Short text fragments from websites:
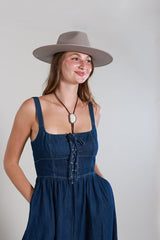 Woman wearing a Western-Ivory-Stone-Bolo-Tie, a Lace-Up-Corset-Midi-Dress-Dark-Denim and gray flat brim hat -Fleastyle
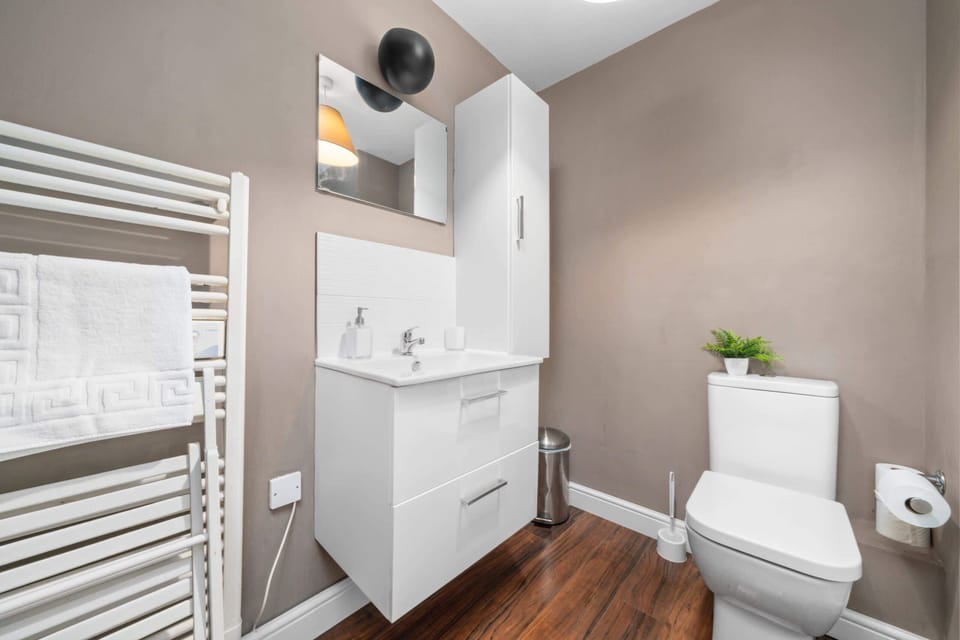 Stylish Bathroom: Enjoy modern amenities in this sleek space with elegant decor and smart storage!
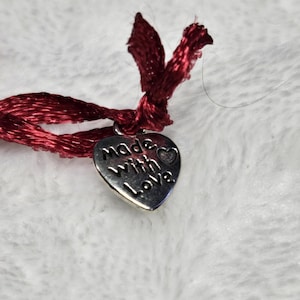 以下が含まれることがあります： 「made with love」の文字が刻まれた、小さな銀色のハート型のチャームのクローズアップ。チャームは、上部で結ばれた濃い赤色のサテンリボンに取り付けられています。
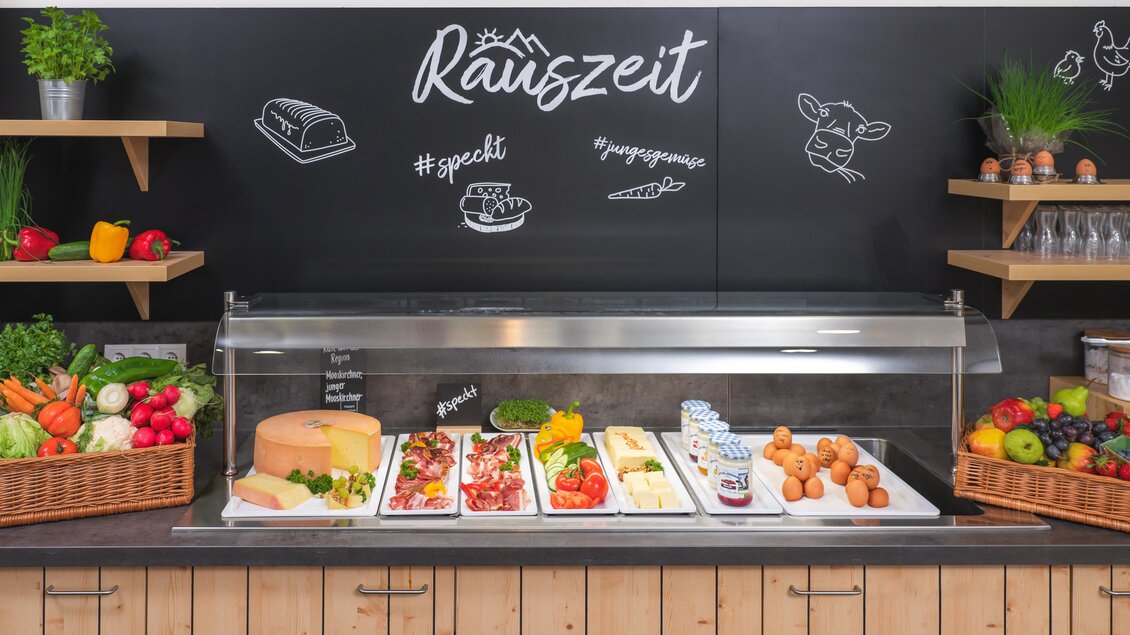 Ein Buffet mit frischen Lebensmitteln, darunter Gemüse, Käse und Snacks. Im Hintergrund steht die Schrift "Räuzzeit" an einer Wand. | © Lipizzanerheimat-JUFA
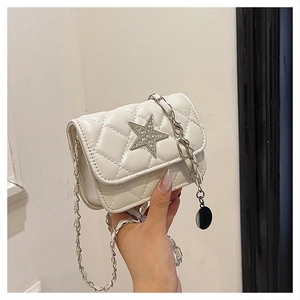 Detail of white quilted crossbody bag featuring a rhinestone star and silver chain
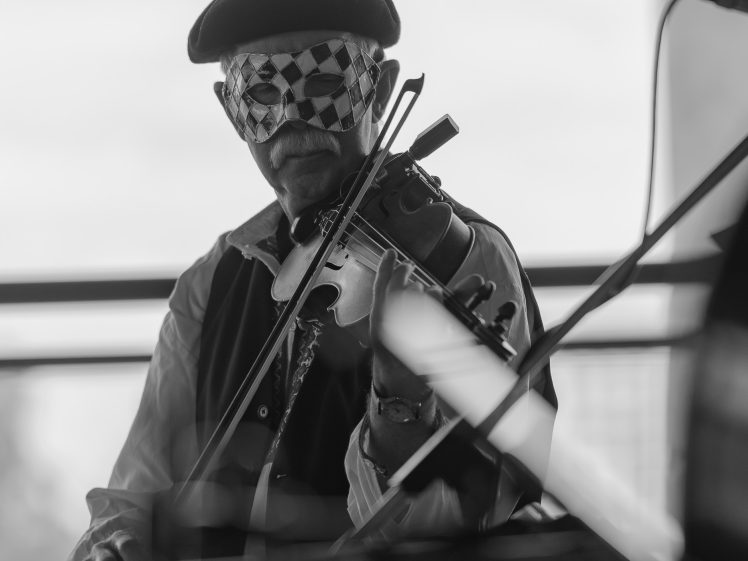 Image of A person wearing a chequered mask and beret plays the violin indoors, with musical equipment and blurred objects visible in the foreground. The image is in black and white.
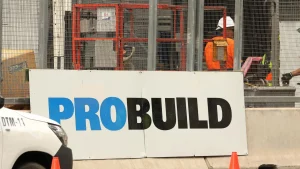A worker is standing next to a sign that says Probuild Administration.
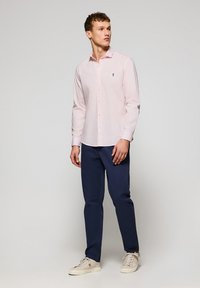 Camicia rosa chiaro a maniche lunghe con bottoni, abbinata a pantaloni blu scuro e sneakers bianche. Presenta un piccolo logo sulla camicia.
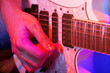young male musician with a white guitar
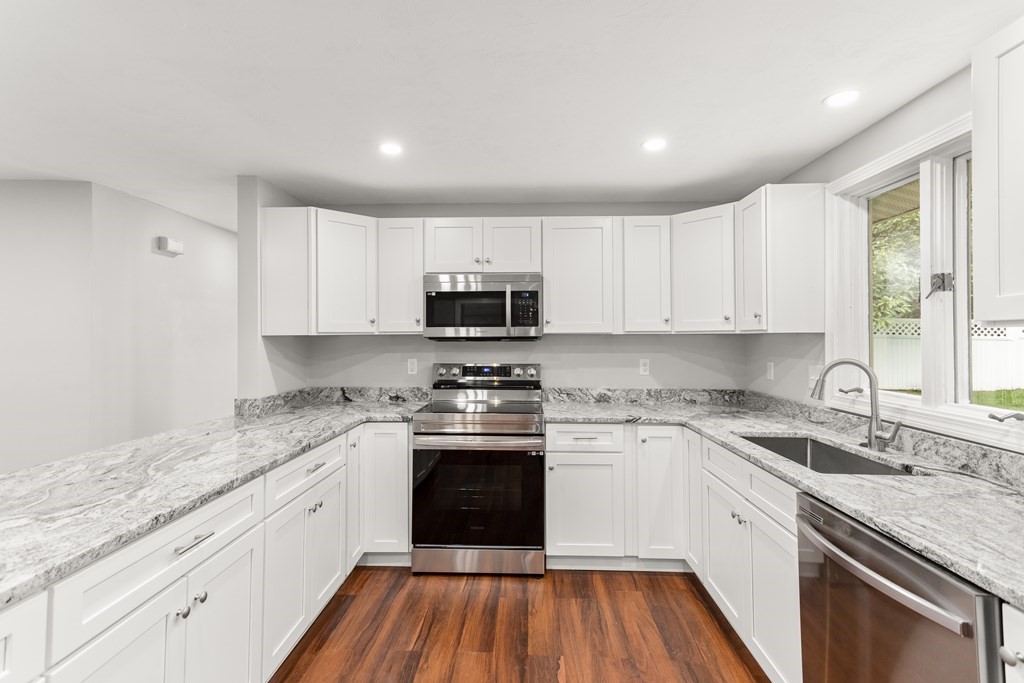 14 Fairbrook Road Framingham, MA 01701 - Photo 14 of 24 a kitchen with granite countertop white cabinets sink and stainless steel appliances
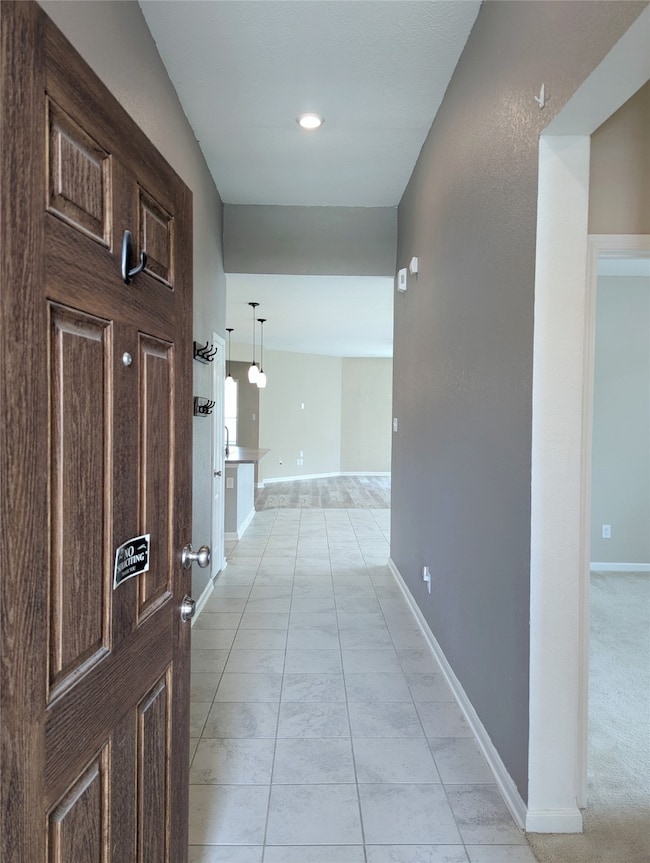 Formal entry with wood insulated door and tile flo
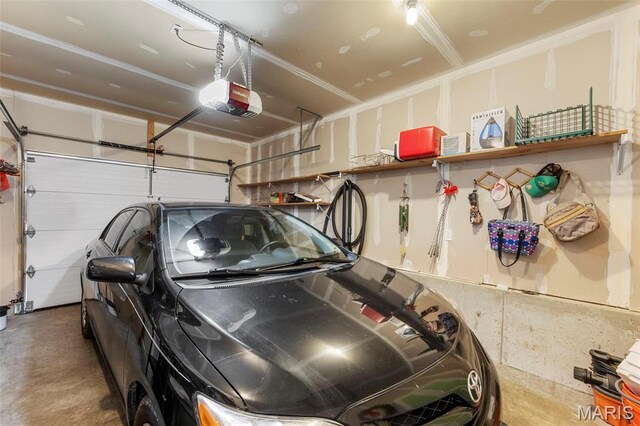 114 Fort Dodge Dr, Wright City, MO 63390 - garage featuring a garage door opener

(The task):
Repeat exactly the lines from the one holding "Camicia rosa chiaro" through the last line of the entries, both included; the pictures do not belong in the copy.

(Exercise answer):
 Camicia rosa chiaro a maniche lunghe con bottoni, abbinata a pantaloni blu scuro e sneakers bianche. Presenta un piccolo logo sulla camicia.
young male musician with a white guitar
 14 Fairbrook Road Framingham, MA 01701 - Photo 14 of 24 a kitchen with granite countertop white cabinets sink and stainless steel appliances
 Formal entry with wood insulated door and tile flo
 114 Fort Dodge Dr, Wright City, MO 63390 - garage featuring a garage door opener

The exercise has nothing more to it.